During this period of stress, Alice saw deep creases developing on her husband’s face. “If you know Ken,” she said, seated at a wooden conference table at her corporate real estate office, “he’s just not someone who’s ever read a magazine that even hints at that kind of [sexual] thing. He’s just a very proper person and does not discuss people’s personal lives or want to know about them. I am sure it had to be very hard on him.” Ken’s workdays now seemed to last eighteen hours, regularly. There was little time for dinner or relaxation of any sort. When her husband did come home, he could not speak to his spouse about the case that was consuming his life and turning him into a pariah in the eyes of many Americans. “He just worked very, very hard on it,” Alice recalled, “trying to get the facts out.”

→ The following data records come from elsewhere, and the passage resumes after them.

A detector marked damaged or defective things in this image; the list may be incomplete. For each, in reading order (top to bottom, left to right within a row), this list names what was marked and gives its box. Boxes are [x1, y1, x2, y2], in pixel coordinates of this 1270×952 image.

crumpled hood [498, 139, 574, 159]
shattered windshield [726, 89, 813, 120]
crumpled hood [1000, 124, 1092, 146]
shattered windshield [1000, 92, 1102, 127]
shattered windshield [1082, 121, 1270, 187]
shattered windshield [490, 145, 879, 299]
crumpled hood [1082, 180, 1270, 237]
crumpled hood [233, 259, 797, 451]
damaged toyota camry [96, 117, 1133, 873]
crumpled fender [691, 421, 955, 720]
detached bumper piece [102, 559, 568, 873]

THE final weeks of January, after the Lewinsky story erupted in the media, were among the most fast-moving in American political history. On the same day that “Unabomber” Theodore J. Kaczynski earned life in prison by pleading guilty to a spree of mail bombings that killed three victims and maimed others, Vernon Jordan issued his first public comment in the Clinton-Lewinsky scandal. Dressed in a gray suit and speaking into a bank of microphones, the six-foot-four Jordan told journalists at the Park Hyatt Hotel that he was prepared to speak the truth. “I want to say absolutely and unequivocally that Ms. Lewinsky told me in no uncertain terms that she did not have a sexual relationship with the President,” Jordan stated with his classic smooth delivery. “At no time did I ever say, suggest or intimate to her that she should lie.”

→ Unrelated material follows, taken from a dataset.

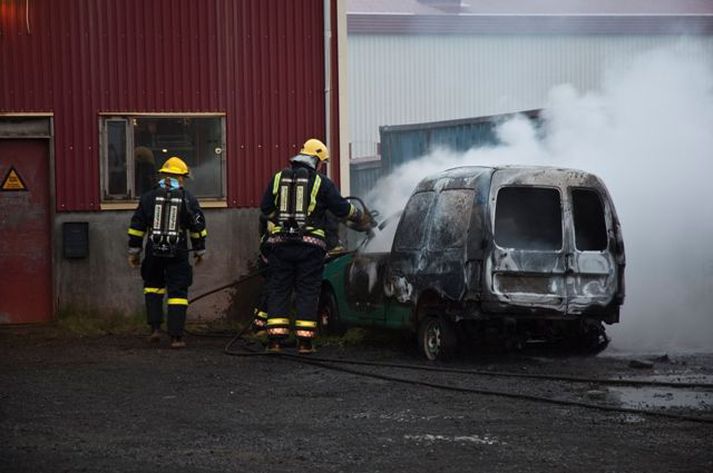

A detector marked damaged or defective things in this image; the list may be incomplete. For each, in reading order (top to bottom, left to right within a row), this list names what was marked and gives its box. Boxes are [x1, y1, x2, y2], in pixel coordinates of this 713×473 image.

Judge Susan Webber Wright postponed Monica Lewinsky’s Jones deposition, to keep the beleaguered young woman away from the salivating media. Starr and his staff used the time to issue a spray of subpoenas to the president’s personal secretary, Betty Currie, and other potential witnesses in the White House. They also filed a subpoena duces tecum requesting entry logs that would show how often, and when, Lewinsky visited the White House after her employment in the executive mansion ceased in April 1996.